Using Ad Ratings data, we took a look at four campaigns from three suppliers in the UK pet market – how emotionally effective they were and how much they spent.
The campaigns – from Allianz-owned Petplan, specialist UK supplier Animal Friends, and insurance tech start-up Bought By Many – ran over the last 18 months and represent £3.2m of spend (according to Ebiquity). They also offer four quite different ways of approaching the sector.
The highest-scoring campaign belonged to Petplan, their excellent “My Job” execution which ran until Spring 2017 and accounted for £280k spend in the 2017-2018 period. The main ad here managed a really strong 5-Star score – one of the best TV ads we’ve seen in the UK Ad Ratings data.

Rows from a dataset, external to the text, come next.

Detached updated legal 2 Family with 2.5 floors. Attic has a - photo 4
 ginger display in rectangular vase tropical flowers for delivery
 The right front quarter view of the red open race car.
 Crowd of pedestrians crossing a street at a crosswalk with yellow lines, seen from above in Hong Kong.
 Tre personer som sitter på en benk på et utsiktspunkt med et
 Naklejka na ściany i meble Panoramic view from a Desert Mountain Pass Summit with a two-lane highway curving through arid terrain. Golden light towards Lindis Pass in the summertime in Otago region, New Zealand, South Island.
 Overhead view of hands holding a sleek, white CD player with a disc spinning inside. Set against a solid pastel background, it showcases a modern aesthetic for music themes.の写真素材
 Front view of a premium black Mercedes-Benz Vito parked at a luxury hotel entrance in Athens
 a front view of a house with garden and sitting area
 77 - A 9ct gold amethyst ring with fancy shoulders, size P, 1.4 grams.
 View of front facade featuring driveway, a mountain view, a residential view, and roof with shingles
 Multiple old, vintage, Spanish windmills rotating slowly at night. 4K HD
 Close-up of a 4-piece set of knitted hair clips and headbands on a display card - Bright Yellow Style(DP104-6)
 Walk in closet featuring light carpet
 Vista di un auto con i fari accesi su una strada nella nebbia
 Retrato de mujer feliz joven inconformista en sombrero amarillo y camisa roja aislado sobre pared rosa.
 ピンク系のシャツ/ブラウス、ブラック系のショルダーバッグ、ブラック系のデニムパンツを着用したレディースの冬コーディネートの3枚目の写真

It’s a compilation of adorable pet clips with amusing captions ending with a light message – “Your job is to get the best pet insurance”. The high score makes sense – the best asset a pet insurance company can have is the pets themselves.
In Spring 2017, Petplan changed their execution, pivoting to the campaign “#pethood”, which involves candid interviews with pet owners talking about their feelings for their pets.
These kind of “vox pop” style adverts are popular with brands – they create an authentic feel and allow brand messaging to sneak in via the interview format. But emotionally they often leave audiences cold, and sadly Petplan is no exception.
The four ads we tested average only 2.4 stars – not bad compared to the UK’s ads as a whole, and with a good 3-Star execution in the mix. But a step down from the warmth of the “My Job” work.
Petplan isn’t the only player in the market, though. Among its smaller competitors is independent pet specialist Animal Friends Insurance, whose selling point is that it makes regular donations to animal charities.
Animal Friends has run a Fluent Device campaign since 2012, starring Girlie and Cracker, an animate dog and cat created by the Happy Hour agency. In 2017-2018 the cast of stop-motion animals expanded in a series of new ads, which scored a very respectable 3.0 Star average. The top scorer, “Oodles Of Poodles”, boosts happiness with a series of comical rhymes.
At System1 we regularly preach the benefits of Fluent Device advertising as a way to build brand without sacrificing emotion. Animal Friends credit their initial shift to peak-time TV with very rapid growth between 2012 and 2015, and will be looking to this new cast of characters to repeat that success.
As well as being the strongest current campaign in the market, they also have the highest spend – around £2million according to Ebiquity, way above the £800,000 Petplan have invested in their latest campaign.
Finally we have Bought By Many, a niche start up from the expanding world of insurance tech – its aim is to open access for insurance to niche customers (crocodile or snake owners, for instance) by bringing them together to get better deals.
Bought By Many spend around £90k on TV advertising in early summer 2017, with a series of ads using the long-serving kids’ TV puppet Sweep. Low-budget and vaguely chaotic and surreal, these ads didn’t strike much of an emotional chord, ending up with a 2.1-Star average, barely above the line where no growth would be expected.
So the Pet Insurance communications landscape shows four very different kinds of campaign – a pet-focused one; an owner-focused one; a Fluent Device; and a quirkier approach. The pet-focused one performed best, which is to be expected. But the results for Animal Friends also show how useful a long-running Fluent Device can be in keeping emotion high.